The American Heritage Dictionary, fourth edition, defines starship as the following:
starship (star•ship) n. : a crewed spacecraft designed for interstellar travel.

Too dry.

Starship.

Few other words can evoke the same instant, overpowering sense of longing in most geeks. A simple word, this; a compound word indeed, but simple. A ship that sails the stars - and, as used, can reach them.

Most important: something that belongs to Man, in the cosmic sense; Man used to mean an intelligent race. Preferably one that we might induce to give us one, if we don't have our own by the time we meet them. After all, why does God need a starship?

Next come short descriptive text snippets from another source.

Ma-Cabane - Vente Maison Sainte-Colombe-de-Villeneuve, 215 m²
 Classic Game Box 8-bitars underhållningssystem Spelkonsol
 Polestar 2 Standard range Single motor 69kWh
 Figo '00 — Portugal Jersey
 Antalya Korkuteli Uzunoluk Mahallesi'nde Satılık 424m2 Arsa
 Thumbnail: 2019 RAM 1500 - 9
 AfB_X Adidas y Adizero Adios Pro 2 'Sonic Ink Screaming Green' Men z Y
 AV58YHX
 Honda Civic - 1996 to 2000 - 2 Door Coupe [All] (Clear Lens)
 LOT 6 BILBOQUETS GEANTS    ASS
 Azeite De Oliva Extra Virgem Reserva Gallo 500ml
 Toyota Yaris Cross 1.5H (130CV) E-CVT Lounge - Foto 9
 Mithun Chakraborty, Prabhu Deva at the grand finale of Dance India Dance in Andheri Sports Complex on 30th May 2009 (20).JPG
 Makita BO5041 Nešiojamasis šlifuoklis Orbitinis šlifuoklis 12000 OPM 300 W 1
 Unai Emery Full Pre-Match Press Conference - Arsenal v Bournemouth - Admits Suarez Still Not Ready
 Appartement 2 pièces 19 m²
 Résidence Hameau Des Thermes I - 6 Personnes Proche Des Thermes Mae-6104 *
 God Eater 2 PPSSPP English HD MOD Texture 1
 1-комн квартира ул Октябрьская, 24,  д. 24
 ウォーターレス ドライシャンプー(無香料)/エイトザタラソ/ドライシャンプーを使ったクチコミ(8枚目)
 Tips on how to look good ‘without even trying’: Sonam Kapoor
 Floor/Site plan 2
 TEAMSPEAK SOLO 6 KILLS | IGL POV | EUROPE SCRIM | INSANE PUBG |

For many American spaceniks, the word was introduced by the classic scifi television series Star Trek. In that context, Starship is a specific term; a proper noun, actually. It is a class of spacefaring vessel, in the service of the Starfleet of the United Federation of Planets. While other ships can reach the stars, a Starship is the jewel of the fleet. Huge, powerful, and designed for multi-year missions of exploration, a Star Trek:TOS Starship is only secondarily (or even tertiarily, if that's a word) a combat unit. It is primarily designed to explore. To (to borrow a wonderful, pithy, sacred phrase) explore strange new worlds; to seek out new life, and new civilizations. As such, it is the fulfillment of the promise of technology to us the hordes of geeks, spaceniks, dreamers, explorers, introvert heros and nerds. It is perhaps fitting that the Starship Enterprise is one of the first things we think about.

Of course, Trek wasn't the first use of the term, by any means. Heinlein used the term in 1959 as part of the title of his grand opera of Humanity at war, Starship Troopers. In that universe, while exploration was 'nice,' starships were first and foremost engines of war. Even if they did little that we saw in terms of fighting themselves, they served primarily to deliver the men and machines that did fight to the few small bits of real estate in the heavens that mankind cared about, even if it did so only because there was someone (or something) else on said real estate who needed their (or its) ass kicked.

Heinlein himself wasn't using a new term, either. G. Harry Stine published Starship Through Space five years before Heinlein's opus arrived. Countless pulp stories of the Golden 1920s and 1930s used it. But the term doesn't come from there either. It is difficult if not impossible to determine when and where the term was first used; it likely predates most easily-accessible records. The image of the flying ship in fantasy and fiction is an old one; likely, from the moment ships were available, someone thought about one that could take him or her up as well as out.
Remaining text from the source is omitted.